[Problem requirements]:
Output the data below exactly, without images.

[Exercise data — start]

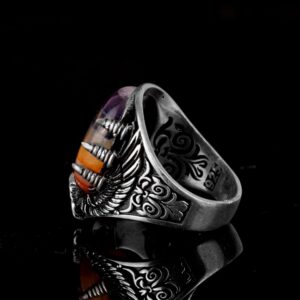 925 Ayar Gümüş Erkek Yüzük, Şahin Pençesi Yüzüğü, 7 Çakra Doğal Taşlardan Oluşan Yüzüğü, Gökkuşağı Yüzüğü - Görsel 6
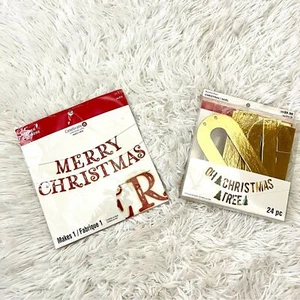 Merry Christmas banners wall hangings gold oh Christmas tree new in package - Picture 1 of 5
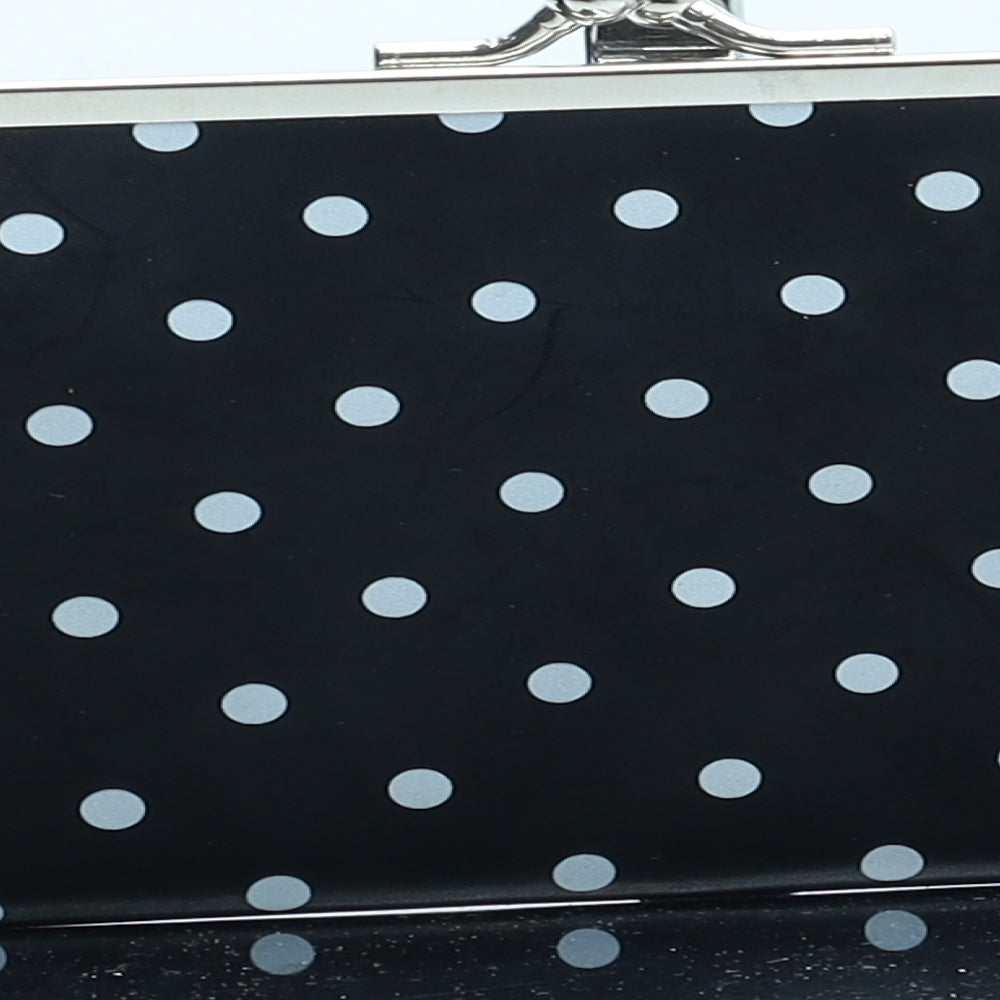 essence Womens Black Polka Dot Polyurethane Clutch Size Small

[Exercise data — finish]

[Answer to this problem]:
 925 Ayar Gümüş Erkek Yüzük, Şahin Pençesi Yüzüğü, 7 Çakra Doğal Taşlardan Oluşan Yüzüğü, Gökkuşağı Yüzüğü - Görsel 6
 Merry Christmas banners wall hangings gold oh Christmas tree new in package - Picture 1 of 5
 essence Womens Black Polka Dot Polyurethane Clutch Size Small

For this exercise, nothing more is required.